RE: [PATCH] ceph: fix slab-use-after-free in have_mon_and_osd_map()

Viacheslav Dubeyko <Slava.Dubeyko@xxxxxxx> · Wed, 19 Feb 2025 20:13:18 +0000

On Wed, 2025-02-19 at 14:44 +0200, Alex Markuze wrote:
> This fixes the TOCTOU problem of accessing the epoch field after map-free.
> I'd like to know if it's not leaving a correctness problem instead. Is
> the return value of  have_mon_and_osd_map still valid and relevant in
> this case, where it is being concurrently freed?
> 

Frankly speaking, I don't quite follow your point.

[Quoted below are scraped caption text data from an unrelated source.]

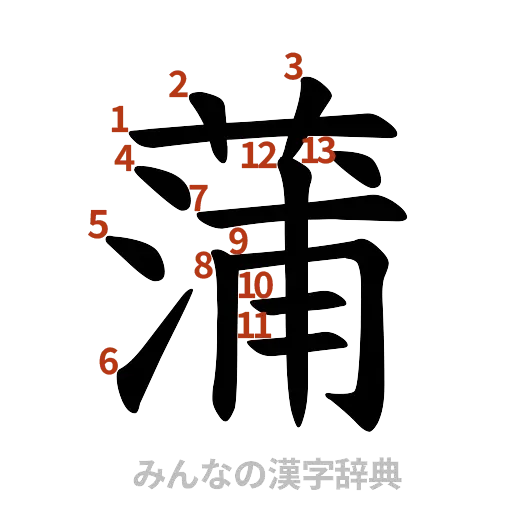 漢字「蒲」の書き順と画数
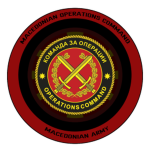 [Оperations Command]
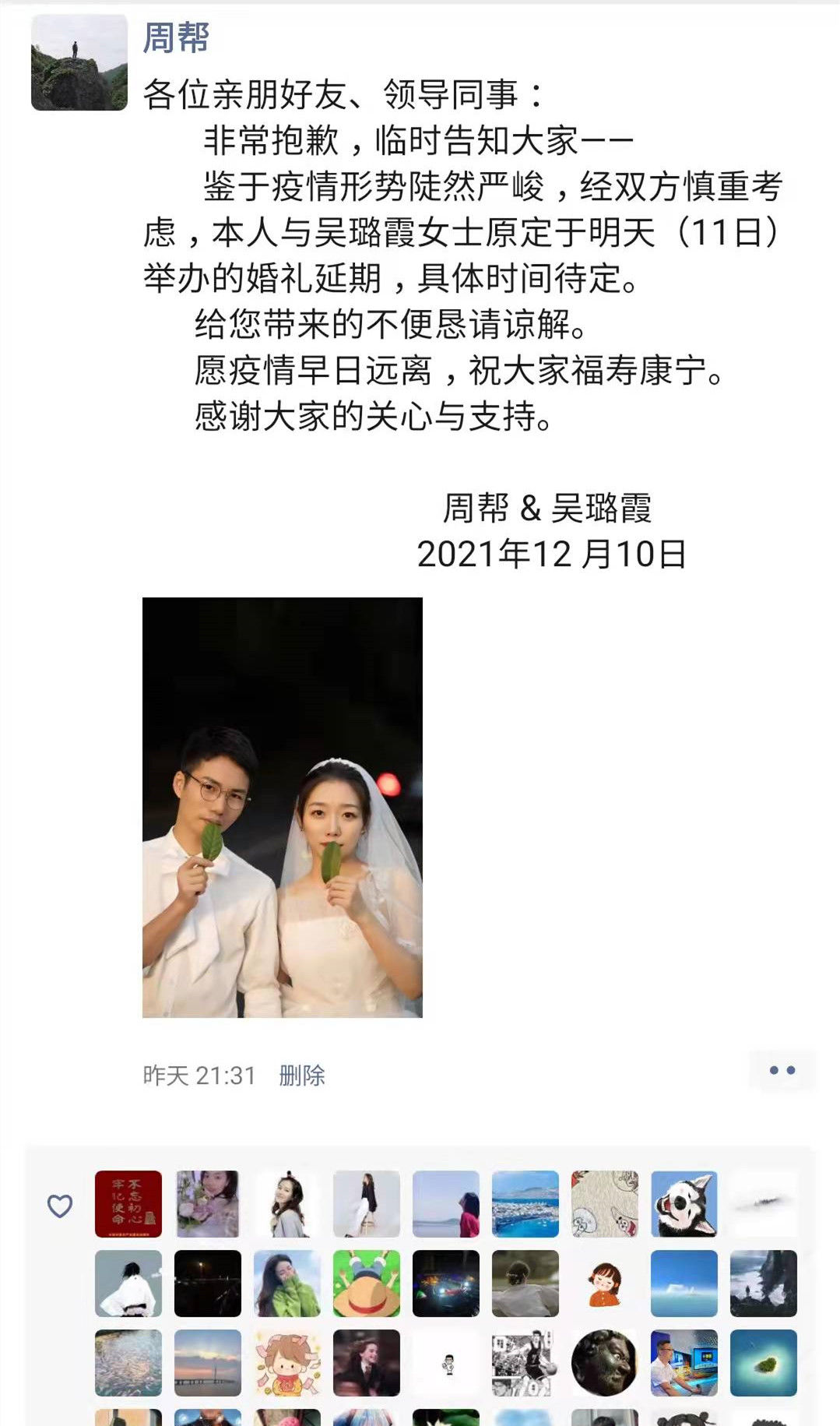 兰溪 婚礼前一晚，兰溪这对新人做出决定：“美好的爱情不会迟到！”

The handle_one_map() [1] can change the old map on new one:

	if (newmap != osdc->osdmap) {
                <skipped>
		ceph_osdmap_destroy(osdc->osdmap);
<--- Thread could sleep here --->
		osdc->osdmap = newmap;
	}

And have_mon_and_osd_map() [2] can try to access osdc->osdmap
in the middle of this change operation without using the lock,
because this osdmap change is executing under osdc.lock.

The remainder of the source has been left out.